A student that I have been sitting next to all semester dresses in masculine clothing, speaks in a masculine tone, and goes by initials only.

I believed the student was male until a few days ago when the student was referred to as “she” by a student assistant.

The student looked uncomfortable and displeased with this label. It is clear that this student identifies with being male regardless of the sex they were born.

The article “Facebook’s Gender Labeling Revoluion” in TIME Magazine tells the story of Eli Erlick.

At 8-years-old, Erlick wanted to be treated like a girl despite being born male.

Teachers refused to let Erlick participate in girls’ gymnastics.

TIME reports, “Eli persisted in wearing lip gloss and skirts.”

I went to high school with a number of males that wore lipstick, wigs, and female clothing who chose to be referred to with feminine pronouns.
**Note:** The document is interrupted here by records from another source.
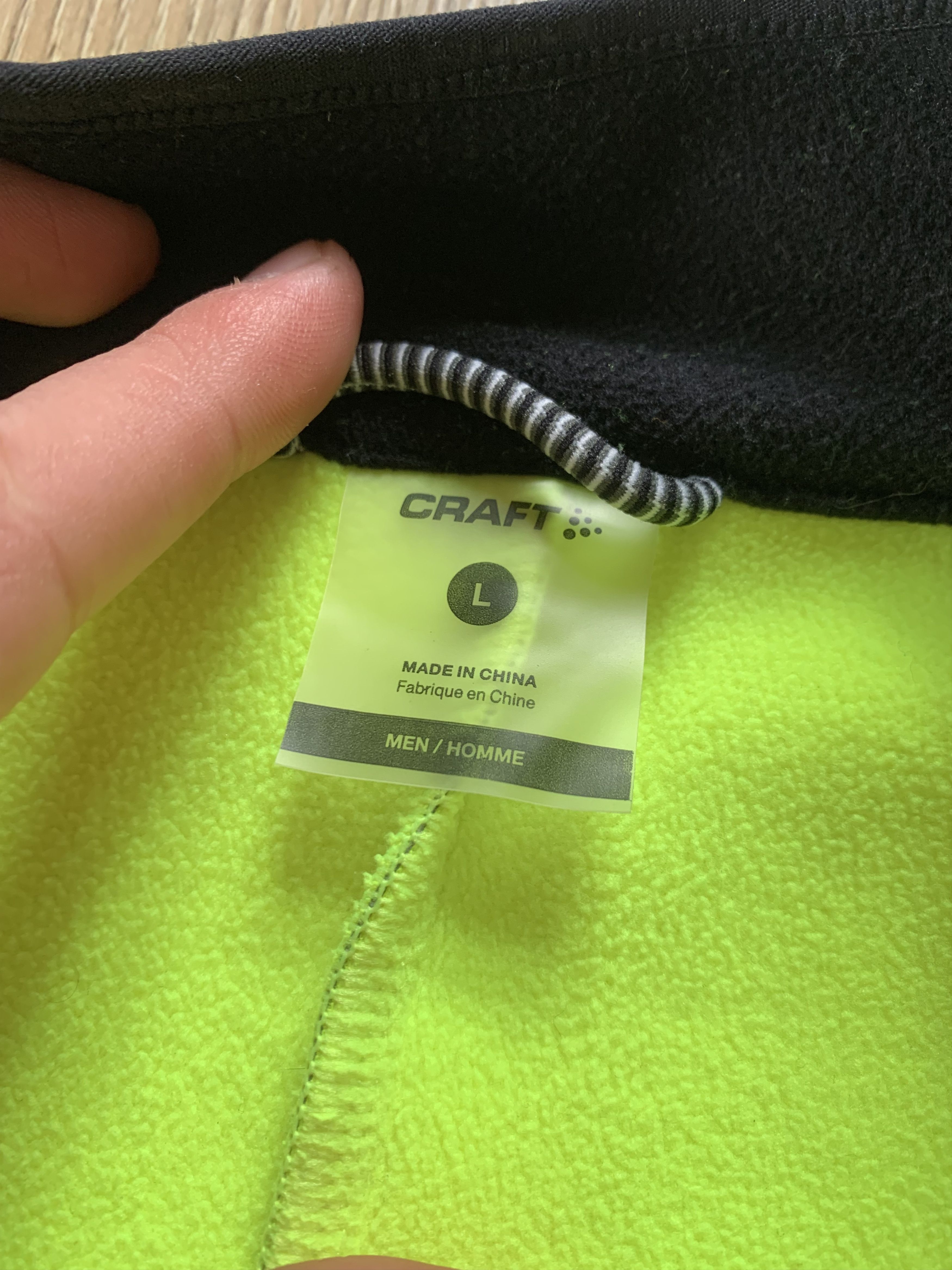 Sports Specialties Craft Men's Winter Membran Fleece Cycling Jacket Size US L / EU 52-54 / 3 - 9 Thumbnail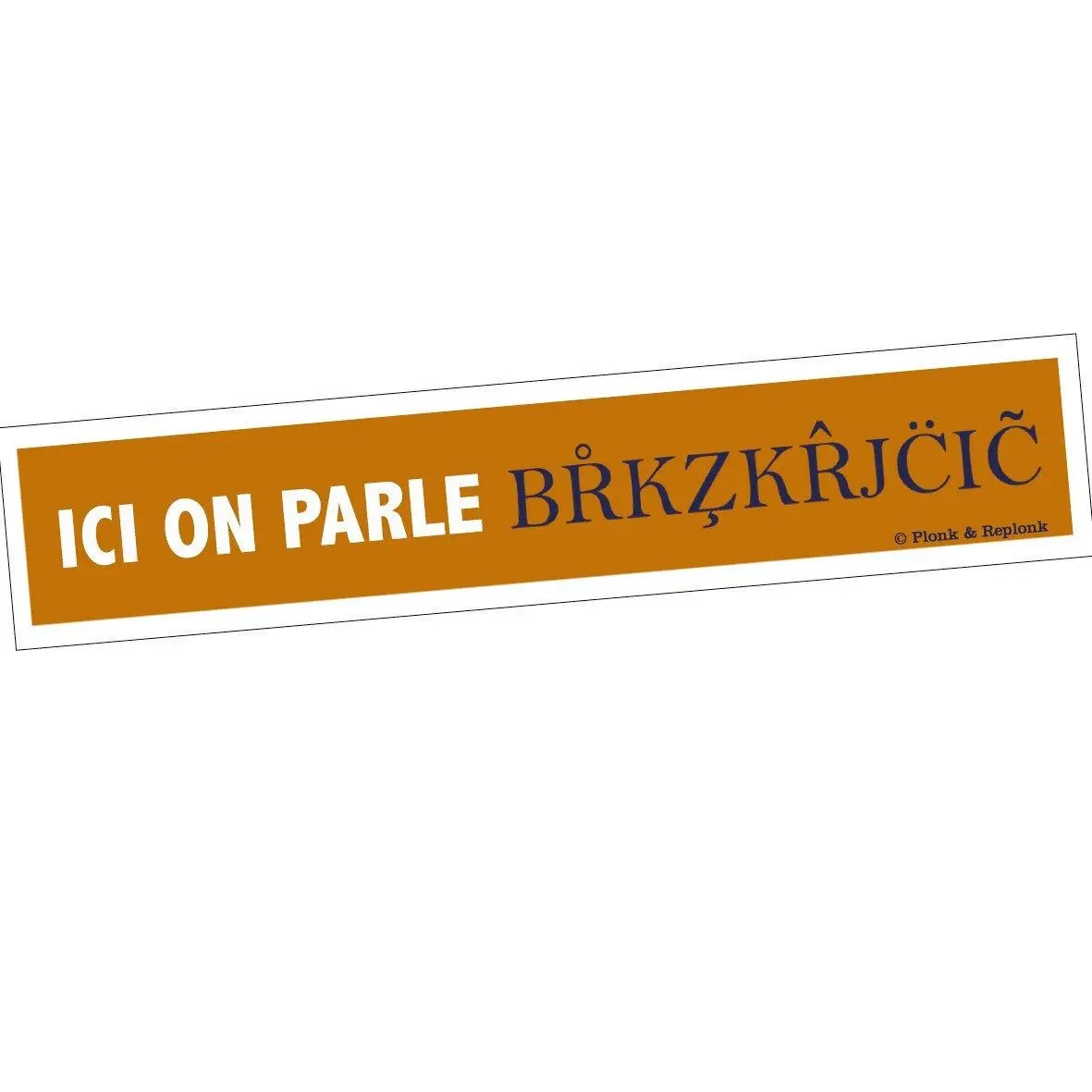 Sticker sticker - Here we talk about BRKZKRJCIC.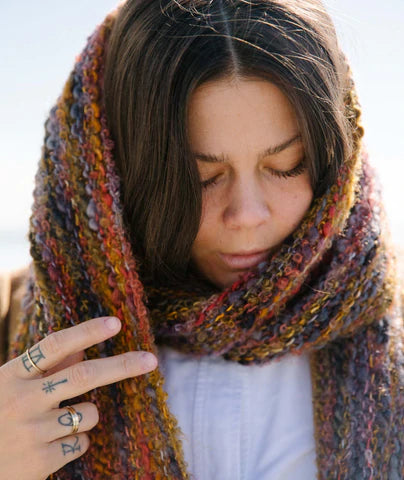 Pattern - Magic Three-Yarn Scarf & Wrap
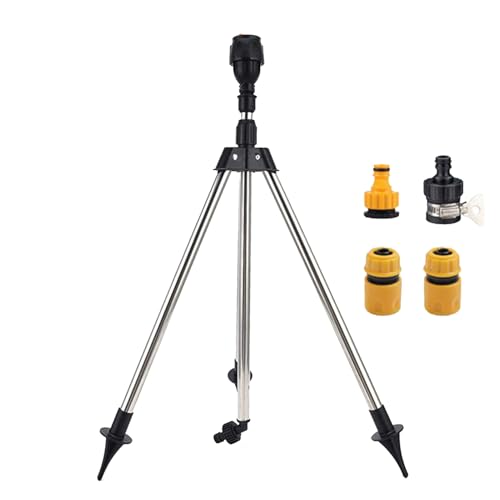 Garten-Dreibeinregners – Teleskop-Sprühkopf Mit Rotierendem Düsensystem | 360°-Bewässerungskopf Mit Großer Reichweite Und Stabilem Standfuß, Bewässerungslösung Für Pflanzen, Rasen, Feldfrüchte von Xinhuju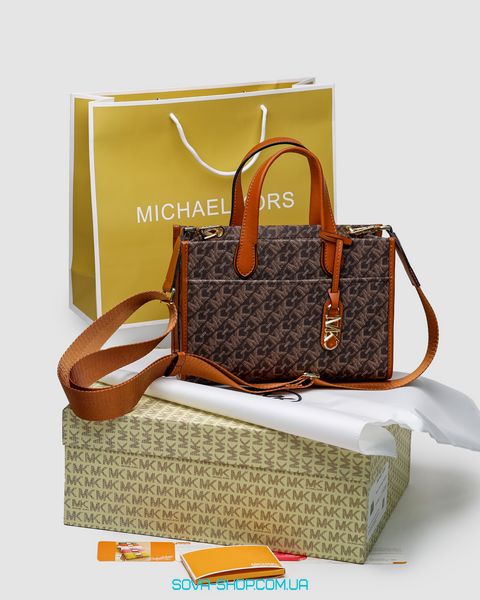 Жіноча сумка Michael Kors GIGI LG Grab Tote Brown Premium фото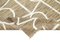 Beige Handwoven Decorative Flatwave Large Kilim Carpet 6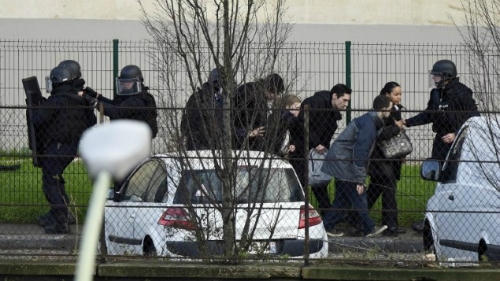 Tạp chí&nbsp;Charlie Hebdo bị tấn công. (Ảnh: AFP)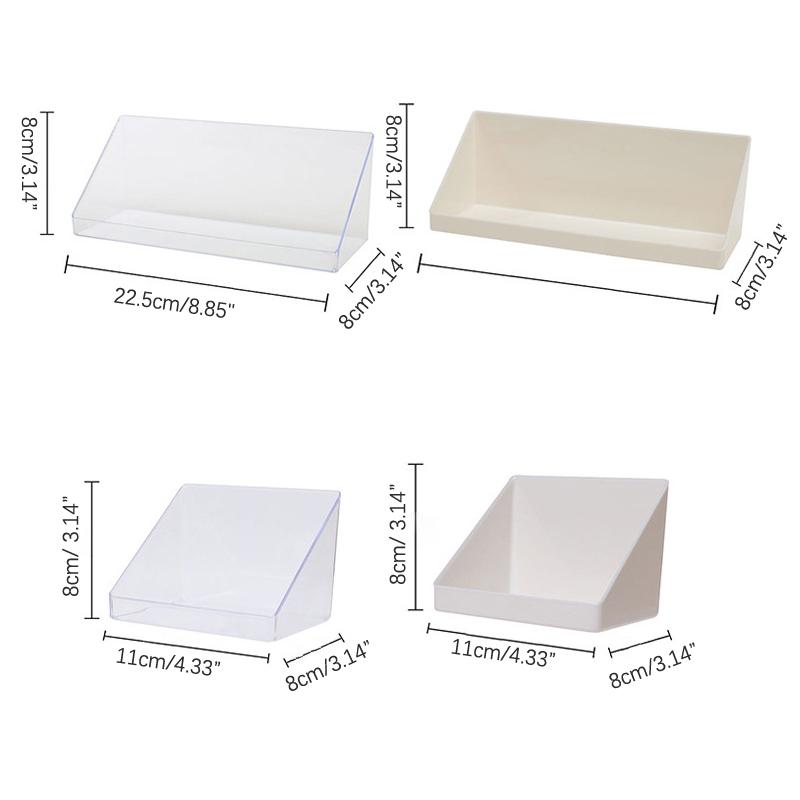 Plastik Saklama Rafı Duvara Monte Kasa Banyo Mutfak Organizatör Konteyner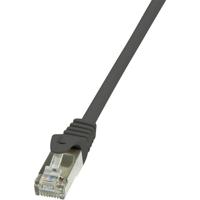 LogiLink CP1023S RJ45 Netwerkkabel, patchkabel CAT 5e F/UTP 0.50 m Zwart Snagless 1 stuk(s) - thumbnail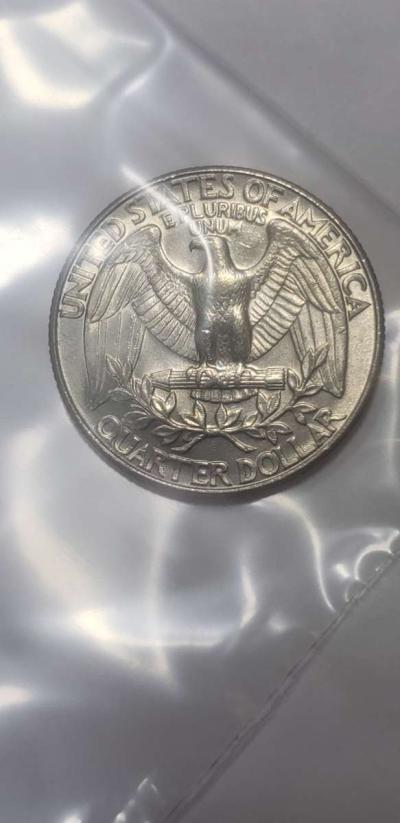 1989 quarter dollar - Thumbnail 3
Most teachers ignored their wishes.

A boy who identified as female was accepted on the cheerleading team by students, but was later kicked off by the staff supervisor.

There are individuals who identify with a gender they were not born into.

There are also some individuals who chose not to identify with neither male nor female.

These people are called “neutral.” Being gender-neutral is not wanting to be called “he,” “she,” “man,” or “woman.”

New York Times reported on February 4, 2015 that the University of Vermont now accepts a third gender: neutral.

“The university allows students to select their own identity — a new first name, regardless of whether they’ve legally changed it, as well as a chosen pronoun.”

A wide range of universities and other institutions are implementing gender-neutral terms, bathrooms, and pronouns.

“They” or “them” is a popular pronoun in gender-neutral community.

Facebook now has a “custom” option when identifying a gender.

When you start typing your preferred gendered there are plenty of options to choose from. “Trans person,” “trans male,” “neither,” “nonconforming,” and “questioning” are just a few.

Boston University, Clark University, New York University, Harvard University, and approximately 30 to 40 other universities have gender-neutral housing.

Northeastern University defines gender-neutral housing as “a housing option in which two or more students share a multiple-occupancy apartment or suite regardless of the students’ sex, gender, gender identity, or gender expression.”

The Huffington Post reports that Northwestern University will be including “all-gender” bathrooms in the upcoming fall.

Michelle Margulis, president of the Northwestern’s LGBT student group says, “These are gender-open bathrooms where students of any gender can go in, and use the restroom, and feel safe, regardless of gender expression or gender identity.”

On April 8, 2015, the first “all-gender” restroom was opened in the Eisenhower Executive Office Building within the White House.

CNN states that this new addition is “A symbolic step for the President in order to protect the rights of members of the LGBT community in the workplace.”

When I asked a few students on campus about ESU including gender-neutral terms and bathrooms, I received a lot of “yeahs” but I also received a lot of “nos.”

Student Stephon Seawright states, “In an ideal world, ESU would include gender-neutral bathrooms for students to feel more comfortable. But it’s not an ideal world.”

We should be able to be the person we choose to be and others should respect it, that’s the ideal world.

If I wake up tomorrow and decide I want to cut all my hair off and be called Brian, others should respect me.